Well, generally, all thumbnails in a database will be of the same format (unless you would change the setting at some point and then add new thumbnails without updating the old).

I found some additional but very dated info about thumbnail formats - this is from before JPG was added as an option, but it may still solve a riddle or two for the uncompressed and LZH-compressed formats:

>  o thumbnail_size is the length, in bytes, of the thumbnail data.
>
>  o thumbail_width and thumbnail_height are the dimensions.
>
>  o thumbnail_type is:
>    3 - Grayscale (32 levels)
>    4 - 8-bit color (236 indexed colors; values 0-9 and 246-255
>        are unused)
>    5 - 15-bit color
>    6 - 24-bit color (BGR order)
>
>  o thumbnail types of 259-262 are the LZH-compressed versions of
>    these types
>
>  o 8-bit thumbnails all use the same color table, which is not
>    stored in the database. You can obtain the palette by reducing
>    an image to the "ThumbsPlus palette." The color table of the
>    resulting file is the one used by T+ for the thumbnails.
>
>  o 15-bit thumbnails are stored as 5 bits each of blue, green and
>    red. The high-order bit is not used: 0rrrrrgggggbbbbb in binary.

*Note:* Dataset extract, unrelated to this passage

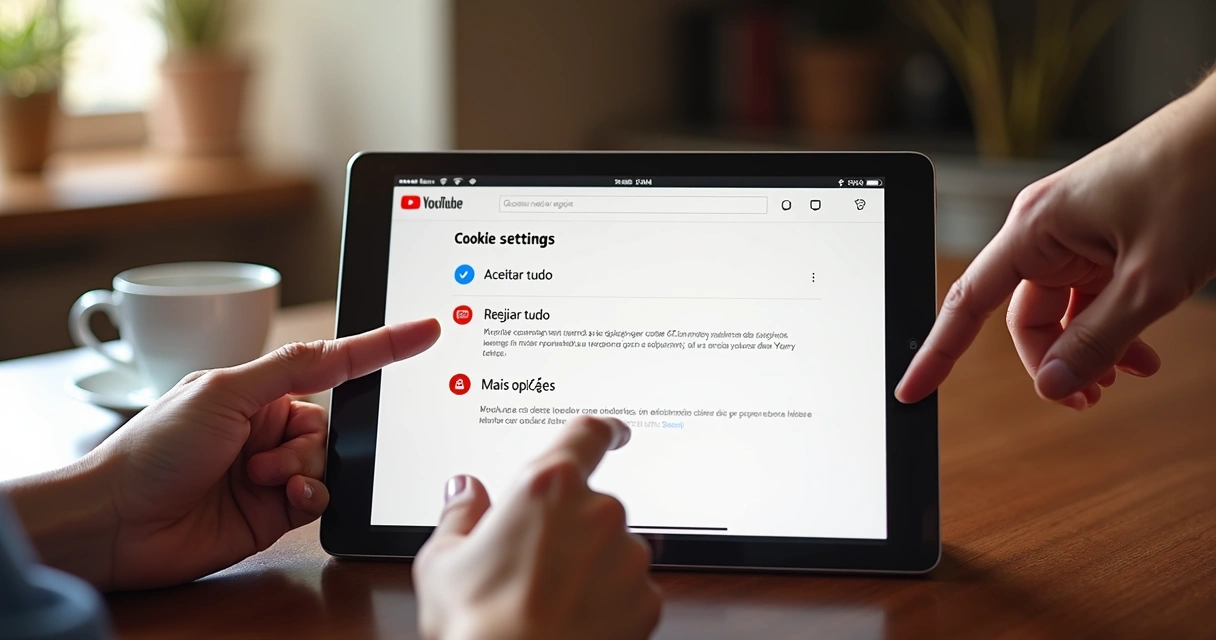 Tela de configuração de cookies do YouTube 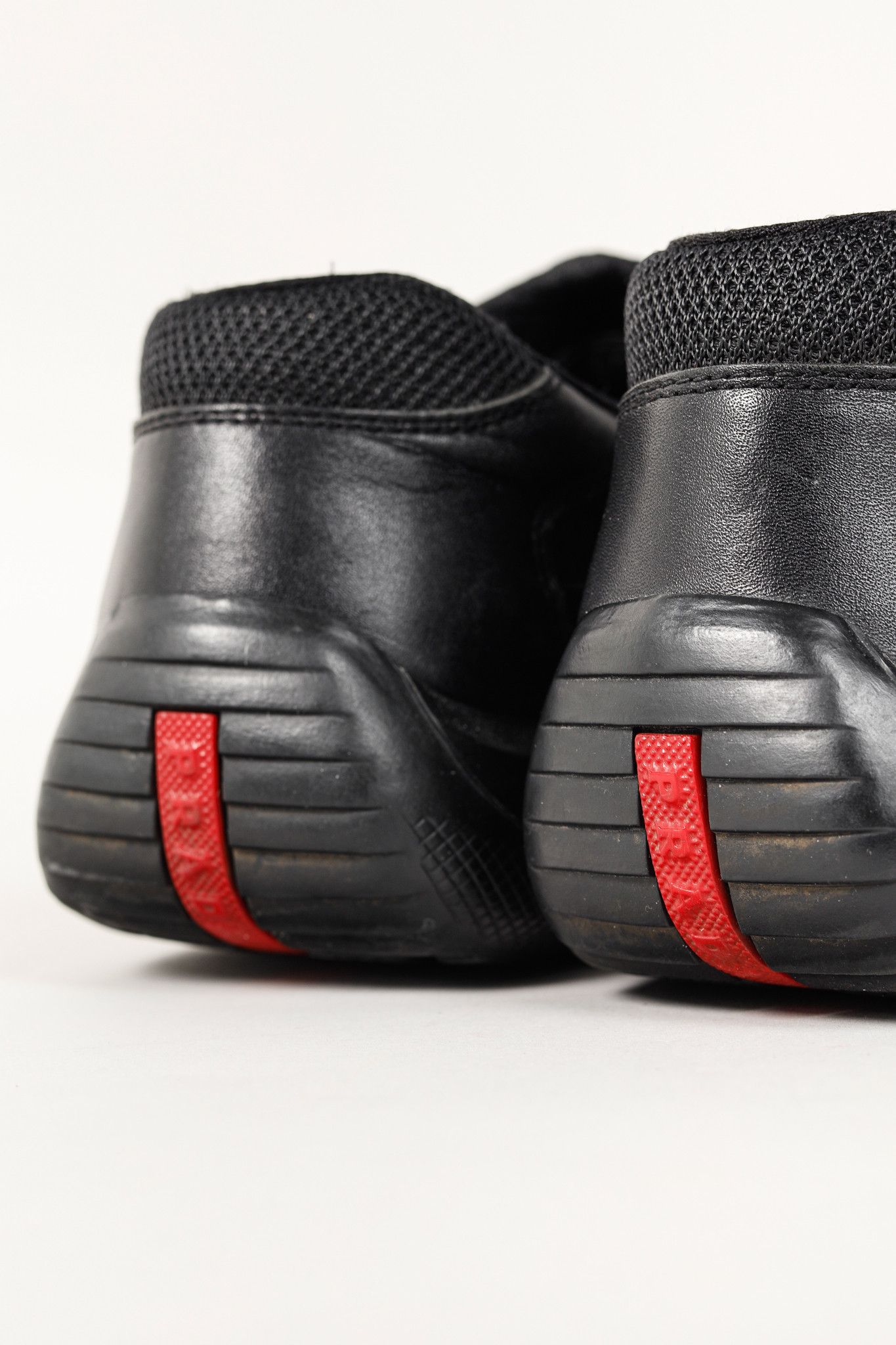 Prada Prada Red Label Black Leather & Mesh Y2K Trainers Size US 9 / EU 42 - 10 Thumbnail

>    In C/C++, you can convert to 24-bit RGB using:
>     r = ((pixel & 0x7c00) >> 7) | ((pixel & 0x7c00)) >> 13);
>     g = ((pixel & 0x03e0) >> 2) | ((pixel & 0x03e0)) >> 8);
>     b = ((pixel & 0x001f) << 3) | ((pixel & 0x001f)) >> 3);
>
>  o Grayscale thumbnails (which are used for grayscale images
>    regardless of the thumbnail type of the database in order to
>    reduce thumbnail size) are 32 gray levels, evenly spaced from
>    (0,0,0) through (255,255,255).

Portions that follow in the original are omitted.